Alexander Nevzorov, ex-cavaleiro e fundador da escola de equitação Nevzorov Haute Ecole, que não monta desde 2008, explica este comportamento na sua obra The Horse Crucified and Risen [1]:

“O cavalo, para sua infelicidade, foi criado de tal modo que ele pode disfarçar qualquer dor, excepto a mais insuportável, até o fim, sem demonstrá-la de modo algum, e esforçando-se por não apresentar qualquer mudança em seu comportamento externo […] Na natureza selvagem, o cavalo que demonstra dor, fraqueza ou uma enfermidade, ao mesmo tempo se condena a ser devorado […] ou a ser rebaixado na escala hierárquica do seu rebanho.”

Sendo assim, o que constitui a crueldade do hipismo actual? Em primeiro lugar, tendo em mente que estes animais foram domesticados, todo cavalo usado no hipismo, corridas ou rodeios, tem que passar por um processo de “doma”, isto é, tem que ser “treinado” para aceitar que outro animal monte em sua coluna — afinal, receber um ser de 70 quilos nas costas não faz parte da sua natureza.

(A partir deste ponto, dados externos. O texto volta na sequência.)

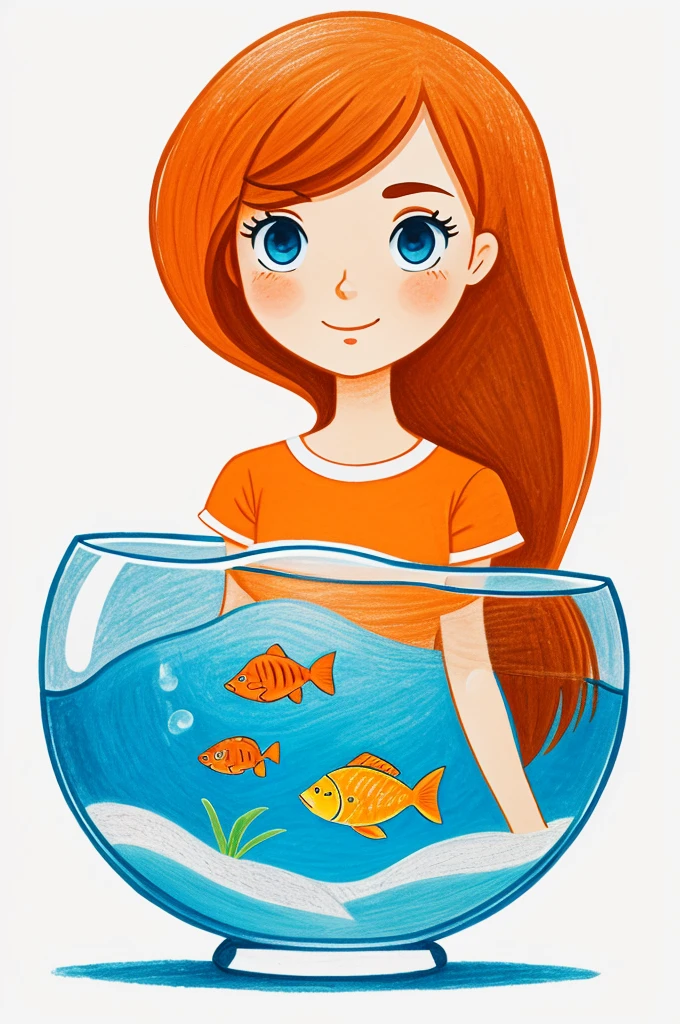 Drawing of a cartoon style girl holding a round fish tank with a small fish inside in white and orange colors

Na “doma”, o cavalo também é incumbido a aceitar os instrumentos usados para que este obedeça aos comandos do cavaleiro, como as rédeas, as esporas, chicotes, bridões, freios e selas. Após a conclusão deste processo, o animal está pronto para responder aos comandos do cavaleiro, ou seja, pronto para responder aos seus movimentos — puxões, chicotadas e esporadas controlam o cavalo pela dor. Contudo, ainda que isso seja visivelmente errado, é possível alegar que o animal é “bem tratado”, com xampus caros e até beijos e abraços de seus “donos”.

O que de fato desmente a alegação hípica? Pesquisas feitas por veterinários e fisiologistas trazem a luz para essa questão.

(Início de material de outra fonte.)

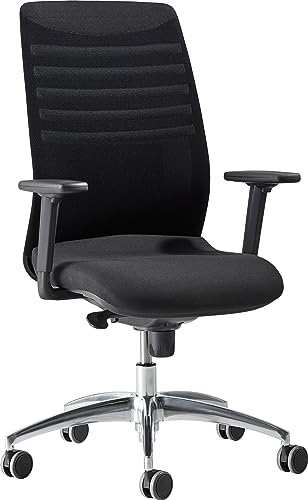 SCHÄFER SHOP Bürostuhl Proline Edition 10, Punktsynchronmechanik, Bandscheibensitz, Netzrücken, mit Armlehnen, höhenverstellbar, schwarz/Alusilber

Lydia Nevzorova, especialista em termografia equina e membro da Academia Americana de Termologia (AAT), realizou uma série de pesquisas sobre os efeitos da montaria, junto com Alexander Nevzorov.

Dentre o rol dos estudos feitos por Lydia Nevzorova, estão incluídos exames de necropsia (dissecação feita com cadáveres de cavalos) e também de termografia (registo da temperatura corporal do cavalo, capaz de identificar pontos de inflamação; um procedimento que, por conta do seu alto custo e da sua complexidade, não é exame de rotina em cavalos de competições).

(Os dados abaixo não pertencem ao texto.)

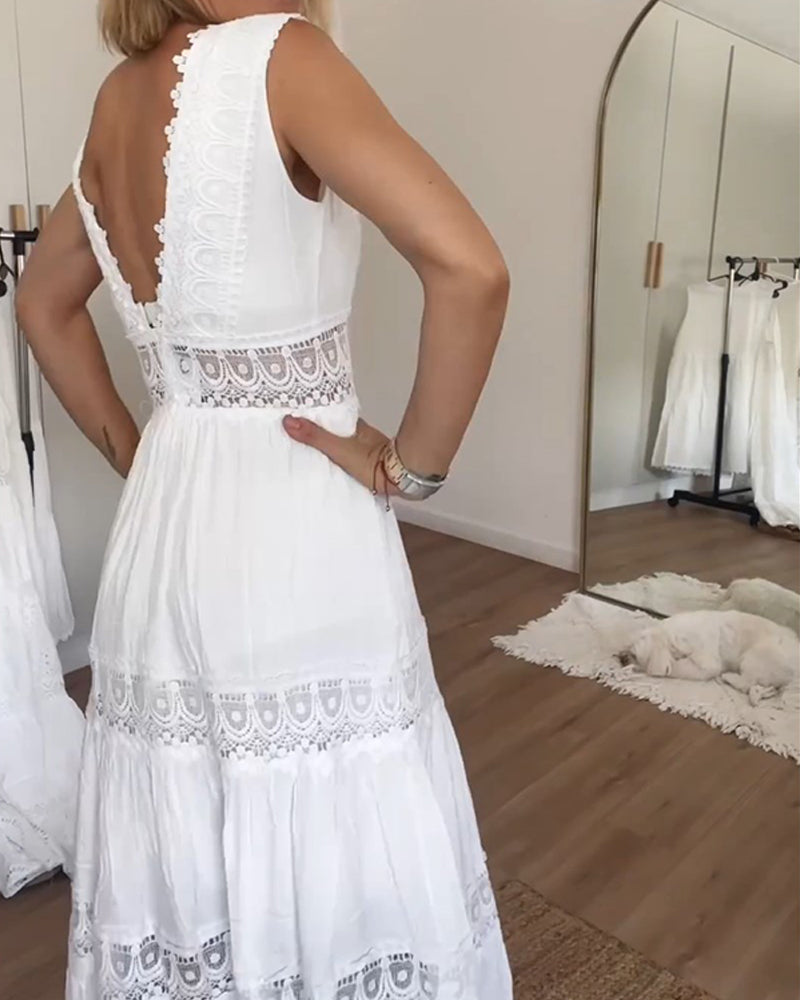 Witte kanten midi jurk met V-hals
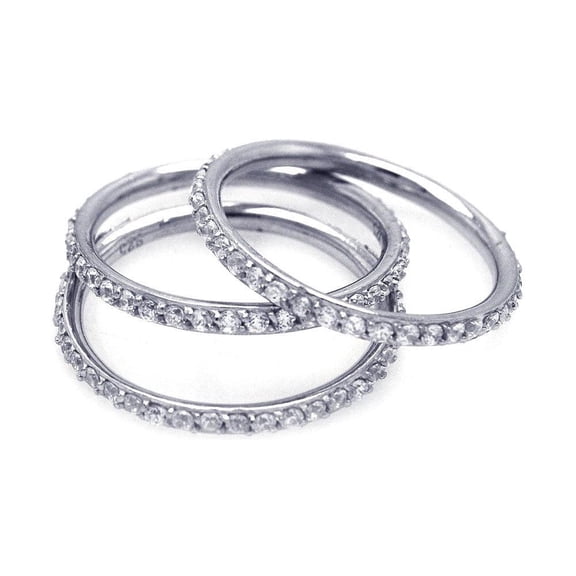 Rhodium Plated Sterling Silver 925 Stackable Ring Set 1mm Bands White CZ Jewelry Female Size 8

No segundo volume da Nevzorov Haute Ecole Equine Anthology, revista da escola de Nevzorov, há a publicação do resultado de alguns desses exames.

No exame de termografia computadorizada, os resultados revelaram pontos de inflamação crónica na coluna dos cavalos examinados [2]. Qualquer ponto roxo, vermelho ou laranja indica inflamação decorrente do trauma gerado pela montaria.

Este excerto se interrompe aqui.